INSTRUCTIONS TO FOLLOW: Where does the word "Luxury" occur in the entries below? Copy every line that has it.

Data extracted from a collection
__________________________________________________
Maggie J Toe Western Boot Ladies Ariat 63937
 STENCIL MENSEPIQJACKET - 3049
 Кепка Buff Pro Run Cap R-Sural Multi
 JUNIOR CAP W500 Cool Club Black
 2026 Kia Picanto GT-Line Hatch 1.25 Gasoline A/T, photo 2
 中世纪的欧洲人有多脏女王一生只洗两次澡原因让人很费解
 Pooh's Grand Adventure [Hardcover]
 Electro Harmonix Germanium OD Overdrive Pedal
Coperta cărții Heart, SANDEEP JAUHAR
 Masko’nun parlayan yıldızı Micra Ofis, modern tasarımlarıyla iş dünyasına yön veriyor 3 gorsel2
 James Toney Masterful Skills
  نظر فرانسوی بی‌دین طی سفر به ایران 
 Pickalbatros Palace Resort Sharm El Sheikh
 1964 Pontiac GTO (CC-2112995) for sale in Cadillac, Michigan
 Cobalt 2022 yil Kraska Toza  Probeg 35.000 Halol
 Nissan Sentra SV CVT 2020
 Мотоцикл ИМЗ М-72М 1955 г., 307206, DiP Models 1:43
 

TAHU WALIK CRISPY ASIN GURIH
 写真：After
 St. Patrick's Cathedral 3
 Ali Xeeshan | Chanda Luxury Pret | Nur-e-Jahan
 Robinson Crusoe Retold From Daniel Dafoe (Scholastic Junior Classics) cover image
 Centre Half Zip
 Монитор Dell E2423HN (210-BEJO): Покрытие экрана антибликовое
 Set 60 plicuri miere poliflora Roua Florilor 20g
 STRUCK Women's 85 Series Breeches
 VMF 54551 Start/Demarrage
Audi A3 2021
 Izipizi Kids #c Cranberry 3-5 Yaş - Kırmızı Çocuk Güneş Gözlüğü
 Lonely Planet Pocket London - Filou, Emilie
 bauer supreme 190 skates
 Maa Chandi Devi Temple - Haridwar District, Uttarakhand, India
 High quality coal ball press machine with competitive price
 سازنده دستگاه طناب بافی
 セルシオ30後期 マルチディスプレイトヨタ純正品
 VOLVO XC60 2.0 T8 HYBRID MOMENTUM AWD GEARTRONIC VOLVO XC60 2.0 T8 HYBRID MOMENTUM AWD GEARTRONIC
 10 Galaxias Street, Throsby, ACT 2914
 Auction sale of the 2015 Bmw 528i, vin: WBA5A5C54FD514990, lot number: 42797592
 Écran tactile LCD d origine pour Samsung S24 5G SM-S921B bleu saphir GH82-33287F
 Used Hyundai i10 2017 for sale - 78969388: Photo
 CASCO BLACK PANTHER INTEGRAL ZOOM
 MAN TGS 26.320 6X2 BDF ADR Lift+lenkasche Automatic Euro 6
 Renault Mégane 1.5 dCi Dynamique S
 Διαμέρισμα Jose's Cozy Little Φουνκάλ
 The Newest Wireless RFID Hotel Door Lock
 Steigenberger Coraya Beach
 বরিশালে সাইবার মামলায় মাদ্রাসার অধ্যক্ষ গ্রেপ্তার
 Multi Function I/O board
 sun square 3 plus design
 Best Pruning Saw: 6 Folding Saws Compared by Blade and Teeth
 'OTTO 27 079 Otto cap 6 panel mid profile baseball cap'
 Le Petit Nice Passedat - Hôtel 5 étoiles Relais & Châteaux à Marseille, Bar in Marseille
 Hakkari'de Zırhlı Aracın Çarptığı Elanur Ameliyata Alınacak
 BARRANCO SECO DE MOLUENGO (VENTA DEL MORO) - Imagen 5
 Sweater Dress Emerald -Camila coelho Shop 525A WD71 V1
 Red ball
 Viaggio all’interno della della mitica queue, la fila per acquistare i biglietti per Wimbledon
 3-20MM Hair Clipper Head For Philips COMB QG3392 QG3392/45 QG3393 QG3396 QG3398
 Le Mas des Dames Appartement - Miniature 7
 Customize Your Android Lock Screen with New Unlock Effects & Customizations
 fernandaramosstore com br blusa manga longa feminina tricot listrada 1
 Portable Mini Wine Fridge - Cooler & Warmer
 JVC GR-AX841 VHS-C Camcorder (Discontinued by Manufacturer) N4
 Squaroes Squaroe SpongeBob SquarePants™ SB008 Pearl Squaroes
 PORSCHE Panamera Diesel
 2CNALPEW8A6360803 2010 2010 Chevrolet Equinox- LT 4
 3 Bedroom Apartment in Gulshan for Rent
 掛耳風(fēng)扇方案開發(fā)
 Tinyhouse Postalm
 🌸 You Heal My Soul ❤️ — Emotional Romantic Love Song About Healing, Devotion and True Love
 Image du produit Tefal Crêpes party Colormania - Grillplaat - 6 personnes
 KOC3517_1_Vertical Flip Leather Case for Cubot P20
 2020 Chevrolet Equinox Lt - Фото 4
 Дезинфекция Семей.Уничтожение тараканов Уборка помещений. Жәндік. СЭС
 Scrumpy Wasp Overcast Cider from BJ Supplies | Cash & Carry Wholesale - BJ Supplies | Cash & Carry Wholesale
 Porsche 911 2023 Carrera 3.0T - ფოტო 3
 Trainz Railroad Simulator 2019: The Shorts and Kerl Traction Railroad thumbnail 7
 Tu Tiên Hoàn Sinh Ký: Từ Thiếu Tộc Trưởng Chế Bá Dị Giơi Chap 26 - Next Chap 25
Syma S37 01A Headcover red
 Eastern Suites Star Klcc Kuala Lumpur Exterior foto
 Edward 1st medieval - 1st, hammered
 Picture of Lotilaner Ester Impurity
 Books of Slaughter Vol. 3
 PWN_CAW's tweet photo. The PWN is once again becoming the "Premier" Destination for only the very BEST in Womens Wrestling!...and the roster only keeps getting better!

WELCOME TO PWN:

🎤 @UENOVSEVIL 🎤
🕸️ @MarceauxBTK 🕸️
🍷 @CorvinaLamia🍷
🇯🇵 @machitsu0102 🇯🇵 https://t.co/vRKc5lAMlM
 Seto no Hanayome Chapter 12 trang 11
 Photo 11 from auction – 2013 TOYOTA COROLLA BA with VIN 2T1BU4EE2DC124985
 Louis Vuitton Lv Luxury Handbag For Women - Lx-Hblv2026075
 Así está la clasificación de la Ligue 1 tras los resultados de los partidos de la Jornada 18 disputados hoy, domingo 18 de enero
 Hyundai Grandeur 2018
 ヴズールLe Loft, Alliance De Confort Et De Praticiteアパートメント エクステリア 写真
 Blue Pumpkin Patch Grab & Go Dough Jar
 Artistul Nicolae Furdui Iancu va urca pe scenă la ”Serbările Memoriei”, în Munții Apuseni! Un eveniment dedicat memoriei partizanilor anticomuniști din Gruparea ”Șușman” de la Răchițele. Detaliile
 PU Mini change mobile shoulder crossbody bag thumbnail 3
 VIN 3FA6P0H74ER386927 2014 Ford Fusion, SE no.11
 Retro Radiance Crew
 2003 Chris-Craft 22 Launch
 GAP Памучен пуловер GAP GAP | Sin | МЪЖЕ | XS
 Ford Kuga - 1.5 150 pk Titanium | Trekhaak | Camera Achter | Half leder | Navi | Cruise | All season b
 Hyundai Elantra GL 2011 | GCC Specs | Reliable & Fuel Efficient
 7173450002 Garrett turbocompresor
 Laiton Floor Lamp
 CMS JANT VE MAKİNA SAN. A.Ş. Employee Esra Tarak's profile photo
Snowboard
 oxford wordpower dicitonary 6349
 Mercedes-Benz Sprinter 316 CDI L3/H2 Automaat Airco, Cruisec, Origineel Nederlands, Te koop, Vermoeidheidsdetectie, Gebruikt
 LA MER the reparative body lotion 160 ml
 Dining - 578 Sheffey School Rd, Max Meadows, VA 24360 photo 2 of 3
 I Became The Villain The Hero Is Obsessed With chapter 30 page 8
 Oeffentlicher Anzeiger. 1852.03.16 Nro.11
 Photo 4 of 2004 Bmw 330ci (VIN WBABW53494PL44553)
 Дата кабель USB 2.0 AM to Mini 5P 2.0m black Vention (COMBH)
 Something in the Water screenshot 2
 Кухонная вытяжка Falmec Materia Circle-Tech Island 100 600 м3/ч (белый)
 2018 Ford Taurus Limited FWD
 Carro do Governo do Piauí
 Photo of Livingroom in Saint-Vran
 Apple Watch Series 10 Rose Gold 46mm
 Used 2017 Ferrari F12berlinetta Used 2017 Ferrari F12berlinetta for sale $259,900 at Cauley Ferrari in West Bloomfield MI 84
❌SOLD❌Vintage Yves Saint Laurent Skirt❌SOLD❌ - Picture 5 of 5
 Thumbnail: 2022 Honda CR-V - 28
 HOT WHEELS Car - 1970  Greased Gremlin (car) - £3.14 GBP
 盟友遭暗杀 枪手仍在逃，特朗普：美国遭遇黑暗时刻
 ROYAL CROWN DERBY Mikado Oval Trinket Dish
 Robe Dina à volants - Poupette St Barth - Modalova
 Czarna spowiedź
__________________________________________________
RESPONSE FOR THIS EXERCISE:
 Ali Xeeshan | Chanda Luxury Pret | Nur-e-Jahan
 Louis Vuitton Lv Luxury Handbag For Women - Lx-Hblv2026075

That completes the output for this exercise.